In February 2009, the Character Builder was launched and required downloading an application limited to Windows machines. After November 2010, the Character Builder become browser based and required Microsoft Silverlight. The Character Builder only supported official Wizards of the Coast content. In January 2011, DDI removed the option of downloading the Dragon and Dungeon magazines as formatted PDFs. A Monster Builder (as part of the Adventure Tools suite) was also released in 2011. While the VTT went into beta-testing for DDI subscribers in 2010, the VTT was officially canceled in 2012.

Mike Mearls, in a January 2012 interview on the next edition of Dungeons & Dragons, stated that they planned "to continue offering people access to tools like the D&D: Character Builder and the D&D: Monster Builder to support 4th edition". In 2014, the service was discontinued. A subscription renewal email from Wizards of the Coast indicated that the DDI subscription would no longer include new issues of Dragon and Dungeon magazines (only archives), and the online resources would no longer be actively supported. While existing subscribers could renew the service, DDI stopped accepting new subscribers. The service was officially shutdown on January 1, 2020 due to Microsoft Silverlight no longer being supported.

== Reception ==
Michael Zenke, for Wired in June 2008, described DDI as a "storehouse of knowledge for players and dungeon masters". Zenke highlighted that the subscription cost at launch was roughly the same cost as previous subscription costs to print magazines Dungeon and Dragon so DDI was "great value for the money" since it included both the electronic editions of the magazines along with other online tools.

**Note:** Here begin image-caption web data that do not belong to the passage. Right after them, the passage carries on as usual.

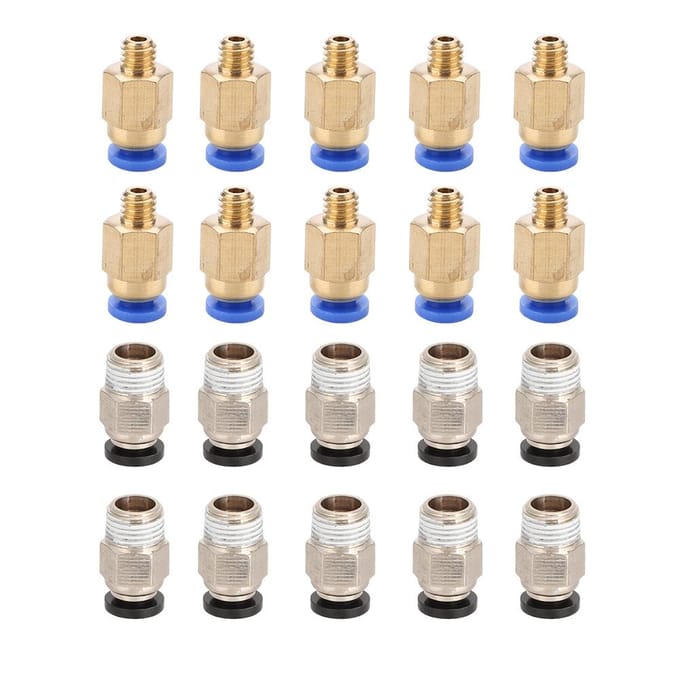 20 stuks PC4 M10 Mannelijke Rechte Pneumatische Connector   PC4 M6 Snelkoppeling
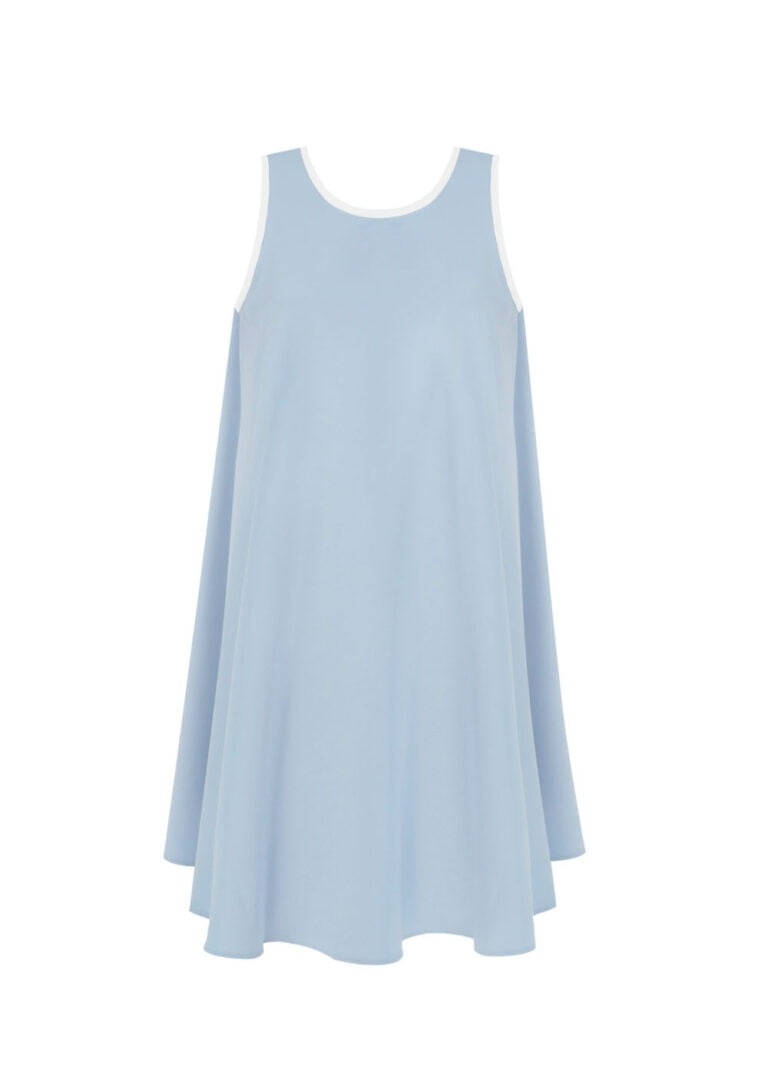 Sukienka mini błękitna Clara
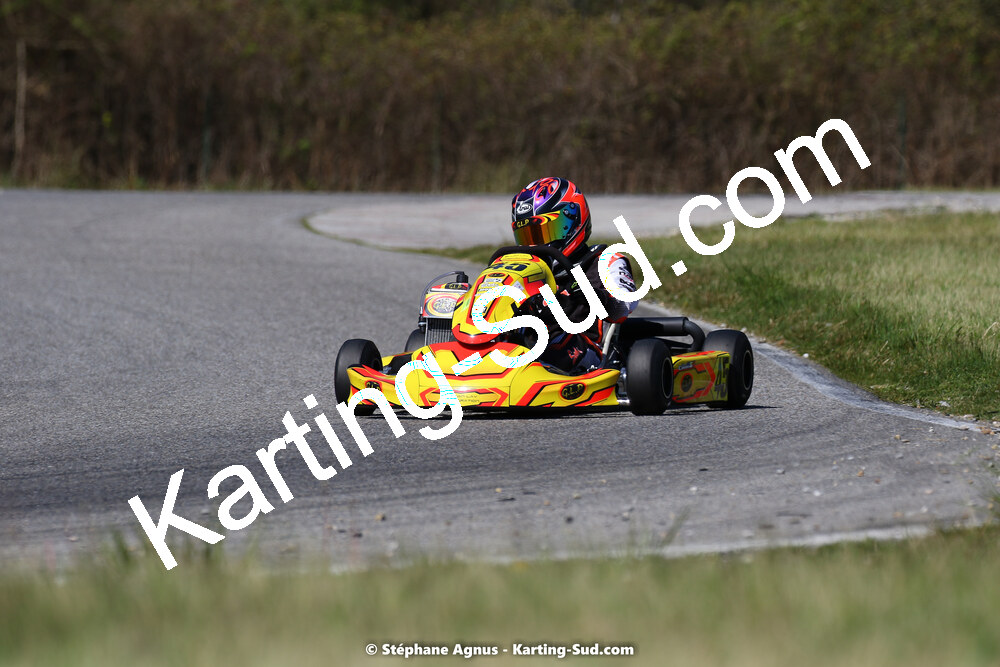 16 & 17/04/2022 : 3ème manche du Championnat du Sud 2022 au circuit d’Aigues-Vives (photos Stéphane Agnus) 2022 — karting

However, Zenke also felt that "for a hobby that has (despite the high prices of the actual D&D books) mostly been a fairly cheap pastime, D&DI's pricing is tantamount to highway robbery" as every player in a group would need to pay to access the online services. The other major problem for Zenke was that DDI launched without the "D&D Game Table" component. Zenke thought DDI "should be a tremendous service" as no VTT product had "this level of sophistication" before and no other product had ever "been tied into the core game the way D&DI is, nor coupled with the Dungeon and Dragon magazines – respected publications with a long history of serving the D&D community".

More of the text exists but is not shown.